Yaro emphasized the importance of telling your audience stories. “Ultimately it is the storytelling. I don’t think there’s anything that creates community engagement more so than storytelling. I almost feel like I could answer every question with tell a story and that will do everything you need.”
Once you have an audience and they’re engaged, the question becomes how do you make money from your blog? Yaro’s been earning a huge income from blogging for more than 15 years, and so he’s had the experience to know what works.
Through the years, Yaro has tried just about every strategy you can think of. His favorite? “By far my favorite monetization is a flagship course. I’ve made more money… there’s nothing in my life I’ve made more money with than a flagship course. It’s in depth. It represents everything I know about this topic and all my concepts, and it’s very comprehensive. It’s set at a price point where if you sell a hundred of them, you’re making six figures.”
One of the reasons Yaro likes a flagship course so much is because it doesn’t require huge audiences. “Most of the ways people make money with blogging require large audiences. Pay-per-click advertising? You need lots of clicks, so lots of people need to be viewing your blog. If I only did advertising, I’d probably struggle to get to a thousand a month in revenue… maybe just make it there… but because I sell a course, and I sell a membership site, and I sell some e-books… it all combines so you can make six figures, or multiple six figures… and onwards.”
I wondered what other skills Yaro had found himself drawing from over the years. He answered, “One of the things… it is writing, but copywriting. Which is the art of selling and engaging with words.… learning to write titles on a blog post. Same with email… you know the subject line of the email, the first sentence of the email… these are all copywriting hooks, so that’s a skillset you can never develop enough.”
The other skill Yaro recommends is learning product creation.
“That’s another form of writing… I need to be able to structure content for a workshop, a webinar, a live training, or a 20-hour flagship course. That’s not something most people have done before. When you get into it, you could take a course on how to make courses… that’s not a bad idea. And I study a lot on how to teach, essentially, so basic concepts like covering the who, what, why, and what if… something I learned from Eben Pagan and that goes into every major training I do.”
Another game changer Yaro mentioned is email marketing. Those were the big three, and Yaro summed them up, saying, “They’re all extensions of using words in some shape or form.”
My last question to Yaro was what advice he would go back in time and give to himself based on what he knows now. He began with what is a common answer among experts. “I definitely would have said, start an email list sooner than I did because email has had a massive, massive impact.”
But then he went on to talk more about a blogger’s mindset. “You have to look at this as an experiment… I guess I would say that to myself.
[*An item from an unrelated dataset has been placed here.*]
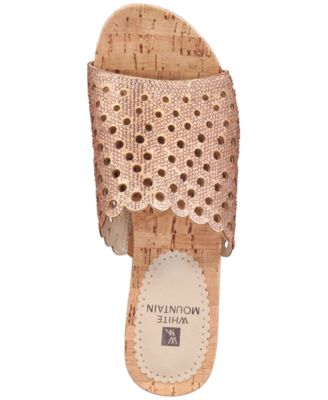 WHITE MOUNTAIN Womens Pink 1/2" Platform Cork-Like Cushioned Perforated Rhinestone Atlie Round Toe Wedge Slip On Slide Sandals Shoes 8.5 M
You’re always afraid of failure when you’re new at something but I’d say… don’t fear failure, because everything is an experiment. Put less pressure on yourself to get a specific outcome. Just try things and see what works and learn from what doesn’t.”
And if you do that, over time, you’ll have the a very good chance of building a blog that earns you a very good income.
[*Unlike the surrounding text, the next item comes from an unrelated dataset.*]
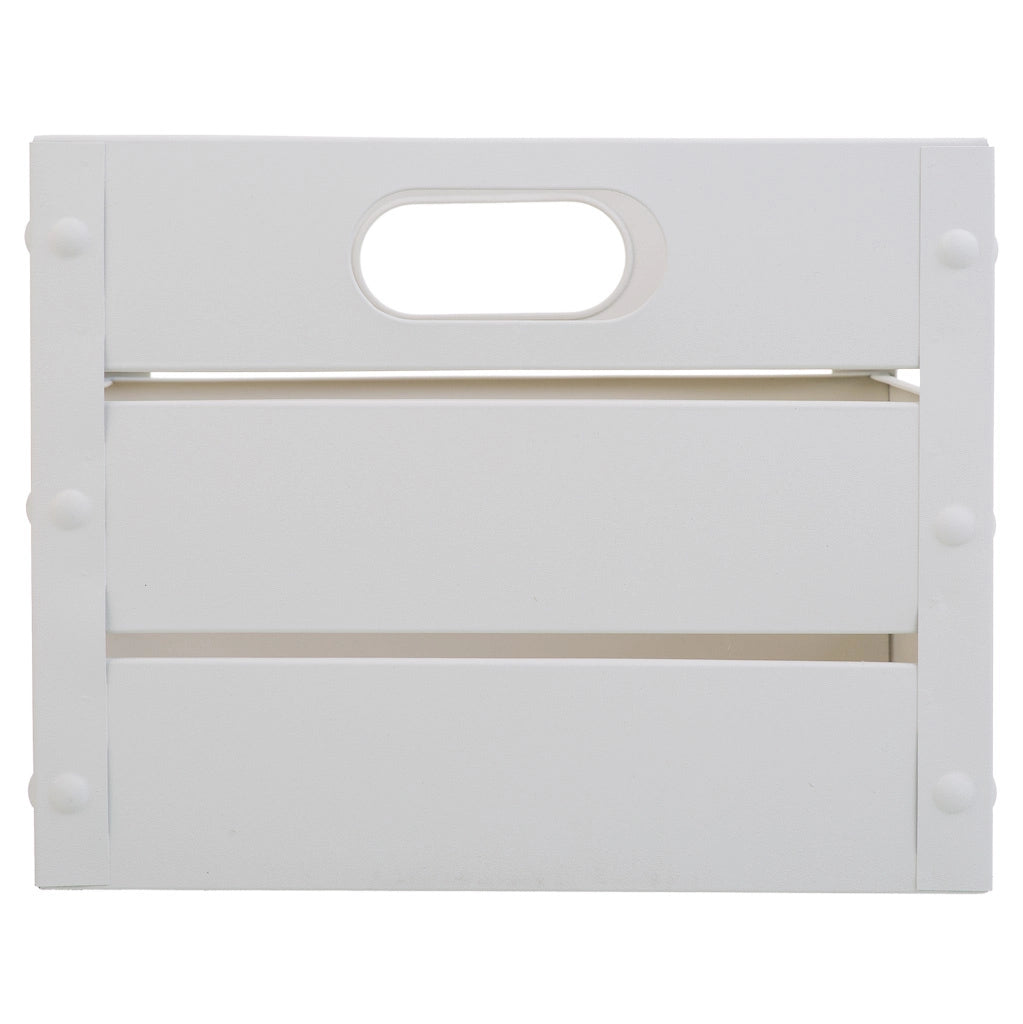 Cestino quadrato in metallo stampato bianco 26x26x20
Editor’s Note: If you want to write your own blogging success story, AWAI now has a program to help you do that. It walks you through picking a topic, coming up with ideas, writing excellent blog entries, building your audience, and earning money from your efforts. You can find all the details here.
This article is part of the Blogging Stories series.
Series Table of Contents:
- A Serial Entrepreneur Shares His Story of Blogging Success (This Article)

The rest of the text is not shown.